In den kommenden Wochen wird es nun ernst für SPD und Grüne. Studiengebühren, Nachtragshaushalt, Schulpolitik - im Herbst will die Landesregierung wichtige Reformvorhaben auf den Weg bringen. Am 15. September steht die erste Landtagssitzung an.

Bei der Schulreform geht die Koalition zunächst einen "sanften" Weg, wie sich Schulministerin Sylvia Löhrmann (Grüne) ausdrückt. Da der Koalition im Landtag ein Mandat zur absoluten Mehrheit fehlt, nutzt die Regierung ein Schlupfloch im geltenden Schulgesetz. Paragraf 25 erlaubt "Schulversuche" und "Experimente". Mit dieser Klausel kann das Ministerium Anträge von Kommunen auf Bildung einer Gemeinschaftsschule genehmigen. Eine Gesetzesnovelle ist vorerst nicht nötig. Aber FDP-Landeschef Andreas Pinkwart warnt die Koalition bereits davor, Schulpolitik "am Parlament vorbei zu machen". Zugleich nahm er das Angebot Löhrmanns an, mit anderen gesellschaftlichen Gruppen am 23. September Schulkonsensgespräche zu führen.

Die zweite große Baustelle von Rot-Grün sind die Studiengebühren. Das Kabinett beschloss Ende August einen Gesetzesentwurf, wonach die Zwangsbeiträge von zumeist 500 Euro pro Semester erst zum Wintersemester 2011/2012 wegfallen sollen. CDU und FDP wollen an den Gebühren festhalten, die Linke will sie sofort abschaffen. "Es war unklug von Rot-Grün, einen Gesetzentwurf vorzulegen, ohne mit uns zu sprechen", schimpft Linke-Fraktionschef Wolfgang Zimmermann. Spätestens im Sommersemester 2011 will die Linke die Gebühren weg haben. Wissenschaftsministerin Svenja Schulze (SPD) schließt einen Kompromiss mit der Linkspartei nicht aus. Haushaltsrechtlich sei aber eine frühzeitigere Abschaffung nicht möglich. Eine nachträgliche Rückzahlung der Gebühren aus dem Sommersemester 2011 an die Studenten wäre zudem ein "riesiger bürokratischer Aufwand". Offenbar spekuliert Rot-Grün darauf, dass die Linke sich im Landtag am Ende notfalls enthält. Der Weg für das Gesetz wäre frei.

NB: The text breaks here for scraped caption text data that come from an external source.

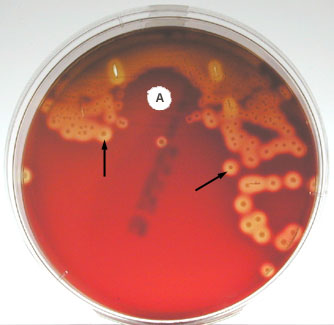 Photomicrograph of a blood agar plate inoculated with <i>Streptococcus pyogenes</i> and showing beta hemolysis and inhibition by the bacitracin in the Taxo A disk.
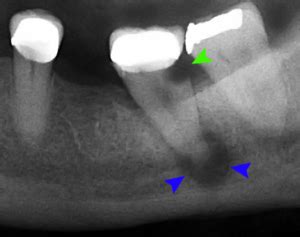 Radiografia de abscesso periapical: como acontece? | Dabi Atlante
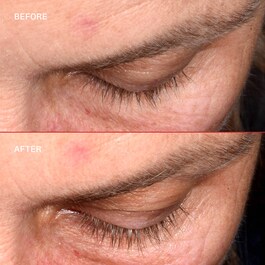Lashbond&trade; - Serum za izgradnju trepavica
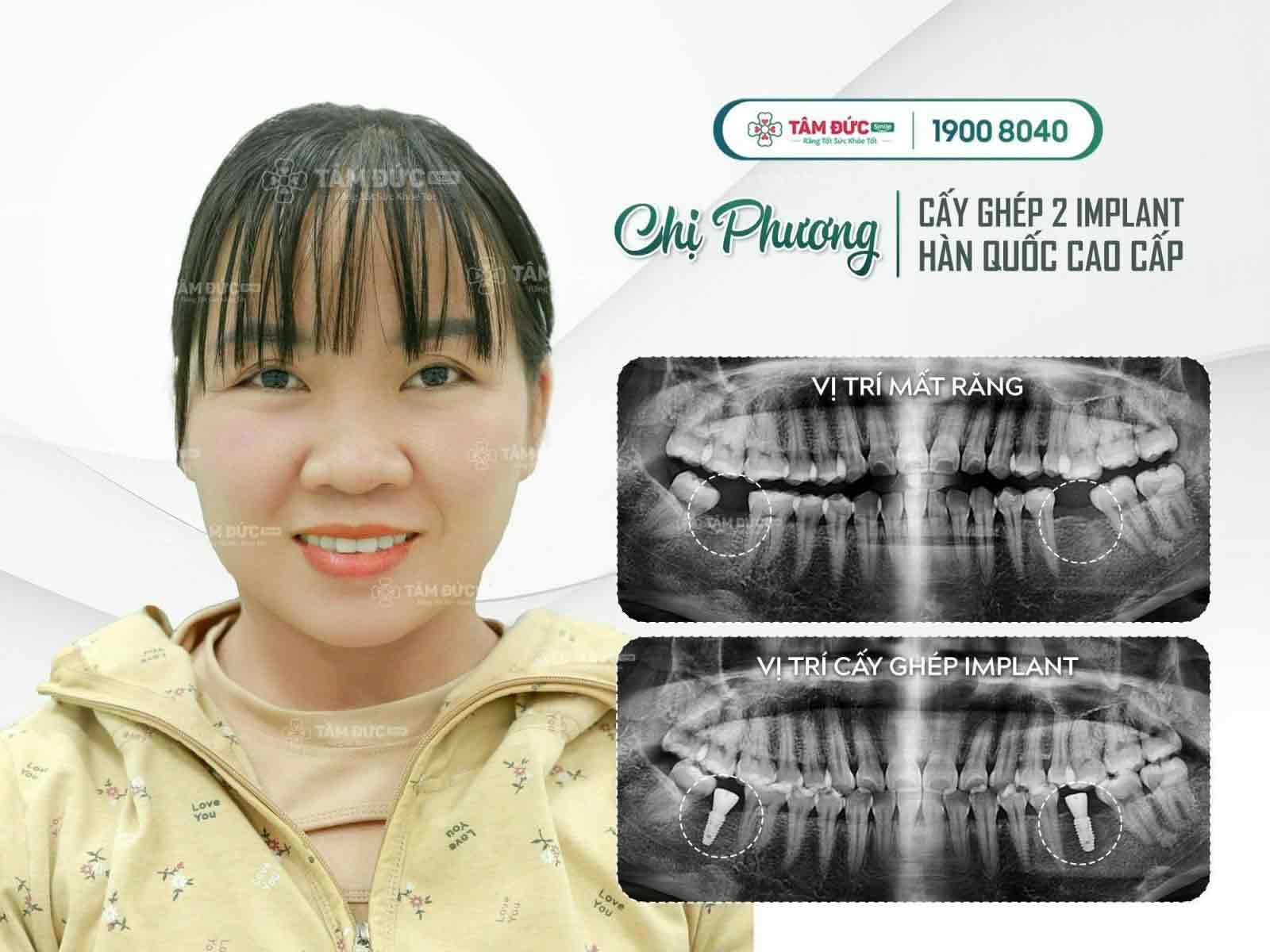 Chị Phương sau khi trồng răng Implant tại nha khoa Tâm Đức Smile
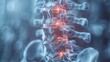 © sorin - 3d illustration of spinal column with implant and screw placement for enhanced stability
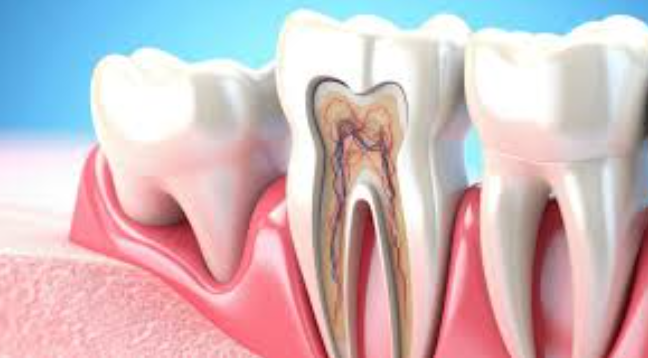 RCT Specialist in Jaipur Expert Root Canal Trea... main image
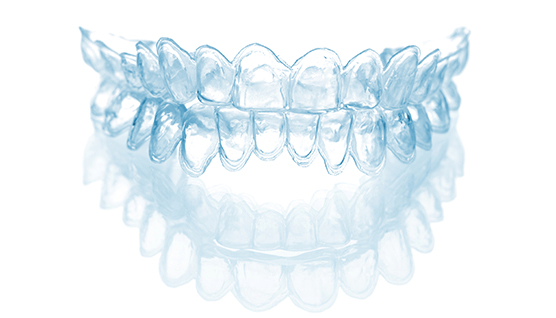 Indirect bracket aligners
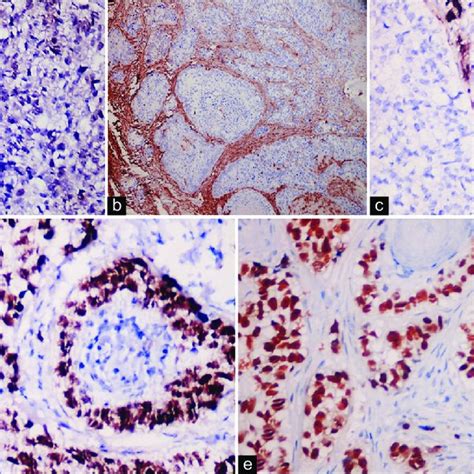 Immunohistochemical Analysis A Positive Pcna Immunoexpression In Download Scientific Diagram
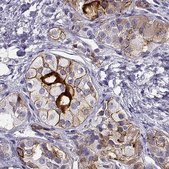 Anti-IGSF1 antibody produced in rabbit Prestige Antibodies® Powered by Atlas Antibodies, affinity isolated antibody, buffered aqueous glycerol solution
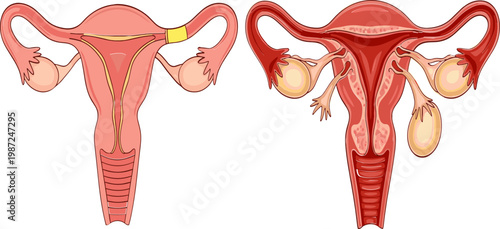 Female Reproductive System with Uterus, Ovaries, and Fallopian Tubes for Educational and Health-Related Illustrations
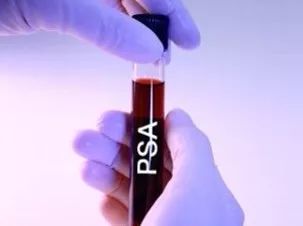 体检最难受的项目是哪几个,体检十大问题及解决方法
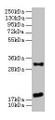 Western Blot; ,All lanes: EMP3 antibody at 3µg/ml + Mouse heart tissue; ,Secondary; ,Goat polyclonal to rabbit IgG at 1/10000 dilution; ,Predicted band size: 19 kDa; ,Observed band size: 19, 31 kDa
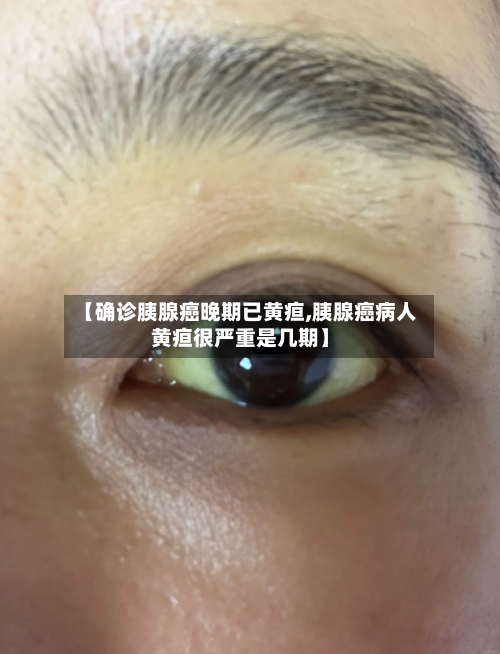 【确诊胰腺癌晚期已黄疸,胰腺癌病人黄疸很严重是几期】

Besonders kompliziert dürften die Beratungen über den Nachtragshaushalt 2011 werden. Finanzminister Norbert Walter-Borjans (SPD) will die von Schwarz-Gelb geplante Nettoneuverschuldung von 6,6 Milliarden Euro auf rund 9 Milliarden Euro anheben. Rot-Grün will so eine "Schlussbilanz" der abgewählten Regierung von Ex-Ministerpräsident Jürgen Rüttgers (CDU) präsentieren, die angeblich die Kreditaufnahme im Wahljahr künstlich kleingerechnet hat. CDU und FDP verwahren sich gegen den Vorwurf. Die Linke droht indirekt mit einem Nein zum Etat. "Die Linke ist eine Oppositionspartei", sagt Zimmermann. "Wir werden jedenfalls keinem Haushalt zustimmen, der mit Sozial - und Stellenabbau einhergeht", sagt er auch mit Blick auf den Etat 2011.

Kraft dagegen will 2011 wieder runter von den hohen Schulden. "Unser Ziel ist, die Neuverschuldung 2011 auf jeden Fall abzusenken", sagte die Regierungschefin dem "Handelsblatt". Die Beratungen über den kommenden Haushalt könnten somit die Entscheidung über den Fortbestand der Koalition bringen. Falls die Linke einen Sparetat ablehnt, wäre die Regierung Kraft schon Anfang 2011 am Ende.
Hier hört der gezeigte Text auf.